Against the backdrop of the severe economic impact of the Covid-19 lockdown on businesses, groups that provide finance for SMEs are becoming increasingly risk-averse, because many SMEs are already struggling to meet their existing payment obligation. In Perumal’s view, it is important to encourage more financiers to fund women-owned businesses.

According to Andiswa Bata, FNB business regional head for Gauteng South West, the case for uplifting female entrepreneurship is clear, and women entrepreneurs can be assisted in a number of ways. These include actively seeking to trade with women-owned or run businesses and, importantly, to pay them on time; to enhance their profile and introduce them to opportunities where possible; and to share knowledge with them, whether about best practice cash flow management strategies or innovative social media marketing ideas.
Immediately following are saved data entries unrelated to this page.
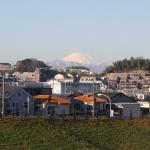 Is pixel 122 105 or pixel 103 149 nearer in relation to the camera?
pixel 103 149

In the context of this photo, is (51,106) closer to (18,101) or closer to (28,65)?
(18,101)

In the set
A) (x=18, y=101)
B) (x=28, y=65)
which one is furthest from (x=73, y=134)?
(x=28, y=65)

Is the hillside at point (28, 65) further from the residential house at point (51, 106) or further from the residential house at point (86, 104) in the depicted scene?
the residential house at point (51, 106)

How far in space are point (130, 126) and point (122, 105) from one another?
13039 millimetres

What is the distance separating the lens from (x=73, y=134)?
86.6 feet

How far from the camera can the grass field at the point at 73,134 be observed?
949 inches

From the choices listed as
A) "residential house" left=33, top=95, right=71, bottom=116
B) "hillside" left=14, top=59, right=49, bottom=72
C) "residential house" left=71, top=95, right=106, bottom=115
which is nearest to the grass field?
"residential house" left=33, top=95, right=71, bottom=116

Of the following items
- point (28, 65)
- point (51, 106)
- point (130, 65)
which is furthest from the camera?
point (28, 65)

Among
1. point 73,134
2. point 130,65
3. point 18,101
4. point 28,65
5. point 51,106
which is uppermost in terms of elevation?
point 28,65

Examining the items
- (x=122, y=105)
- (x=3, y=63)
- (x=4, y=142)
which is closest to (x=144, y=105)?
(x=122, y=105)

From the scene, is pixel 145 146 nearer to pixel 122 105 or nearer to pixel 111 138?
pixel 111 138

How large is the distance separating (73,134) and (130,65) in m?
82.1

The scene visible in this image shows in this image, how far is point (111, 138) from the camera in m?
26.6

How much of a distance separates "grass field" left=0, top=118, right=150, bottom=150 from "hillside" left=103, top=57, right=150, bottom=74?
7575 centimetres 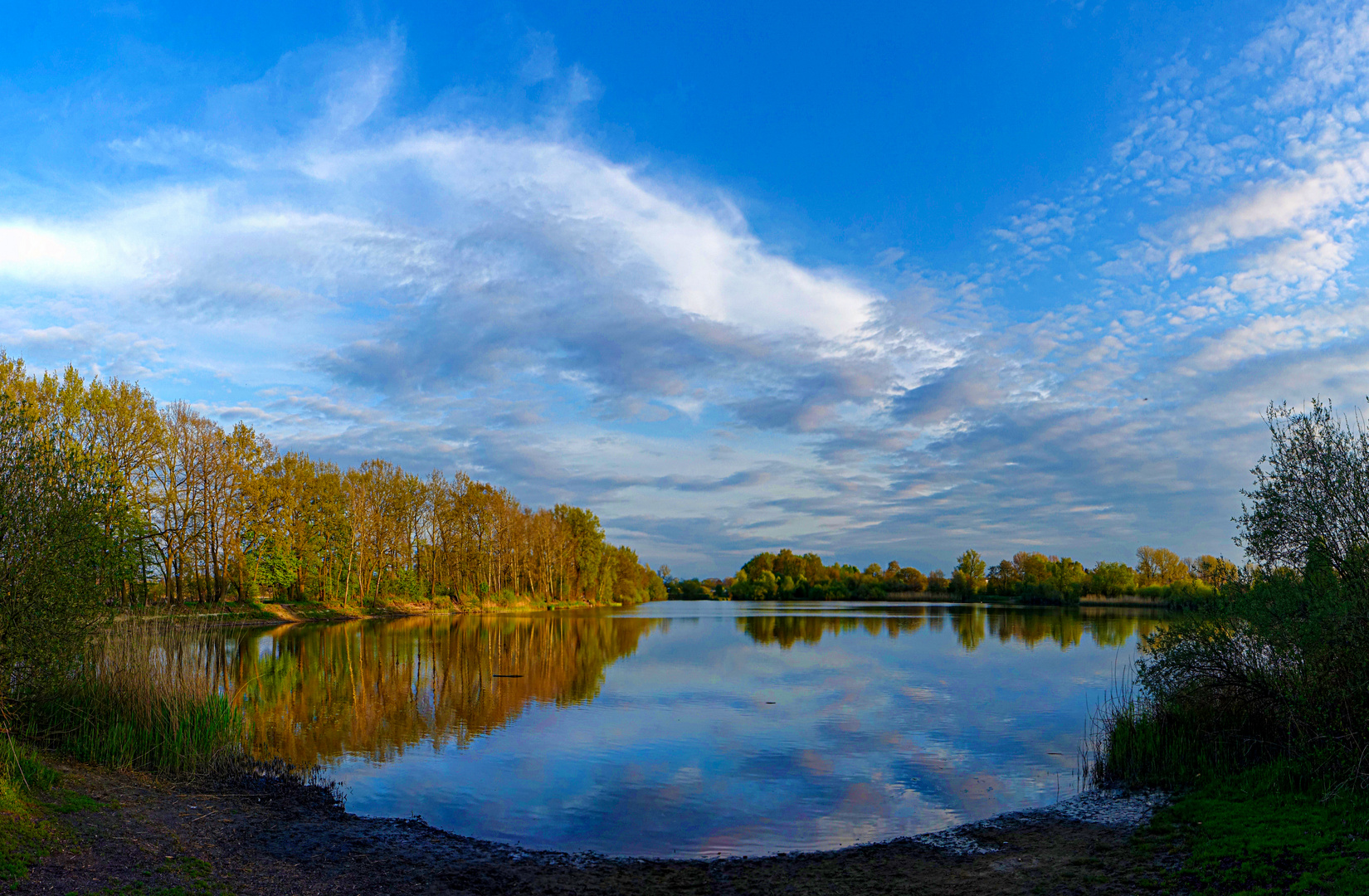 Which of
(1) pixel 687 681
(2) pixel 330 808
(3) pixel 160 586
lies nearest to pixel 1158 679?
(2) pixel 330 808

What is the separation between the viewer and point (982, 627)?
2640 inches

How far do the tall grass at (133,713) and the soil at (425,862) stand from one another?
1.14 metres

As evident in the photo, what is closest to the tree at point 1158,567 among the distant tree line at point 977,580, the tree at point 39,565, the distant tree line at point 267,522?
the distant tree line at point 977,580

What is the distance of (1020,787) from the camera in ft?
50.9

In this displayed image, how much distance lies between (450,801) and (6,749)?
267 inches

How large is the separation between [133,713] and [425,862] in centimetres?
768

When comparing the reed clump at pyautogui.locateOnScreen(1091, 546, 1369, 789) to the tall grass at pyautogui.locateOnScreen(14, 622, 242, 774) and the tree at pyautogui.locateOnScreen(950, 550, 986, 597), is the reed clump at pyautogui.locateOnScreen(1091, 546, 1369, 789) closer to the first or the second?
the tall grass at pyautogui.locateOnScreen(14, 622, 242, 774)

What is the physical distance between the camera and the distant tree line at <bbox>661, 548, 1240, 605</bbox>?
11844 centimetres

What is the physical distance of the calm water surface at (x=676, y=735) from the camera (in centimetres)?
1352

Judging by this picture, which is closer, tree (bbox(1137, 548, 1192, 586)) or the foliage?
the foliage

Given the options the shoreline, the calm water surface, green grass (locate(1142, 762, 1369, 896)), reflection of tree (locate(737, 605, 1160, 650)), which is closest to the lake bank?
the shoreline

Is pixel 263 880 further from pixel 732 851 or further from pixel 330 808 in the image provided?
pixel 732 851

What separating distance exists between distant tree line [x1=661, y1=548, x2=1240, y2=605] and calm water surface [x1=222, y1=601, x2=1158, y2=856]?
59270 millimetres

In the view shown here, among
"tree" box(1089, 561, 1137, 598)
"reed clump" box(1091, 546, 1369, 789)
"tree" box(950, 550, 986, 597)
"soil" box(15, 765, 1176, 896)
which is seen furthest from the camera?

Global entrepreneur community, Future Females, in partnership with the UK South Africa Tech Hub, has created a white paper report detailing the individual, economical and social benefits of an increase in female-owned businesses, as well as the challenges that women typically face when starting a business.

“Despite the many positives of women-owned businesses, and an increased focus on supporting female entrepreneurs in recent years, women are still starting businesses at a disproportionate rate to men, and there are still a distinct number of challenges that women face when starting their business,” the report states.

In a recent survey conducted by Future Females within their community of female founders, they found that the top three things women say are holding them back are a lack of funding, a lack of access to experts or mentors, and a fear of the unknown or instability.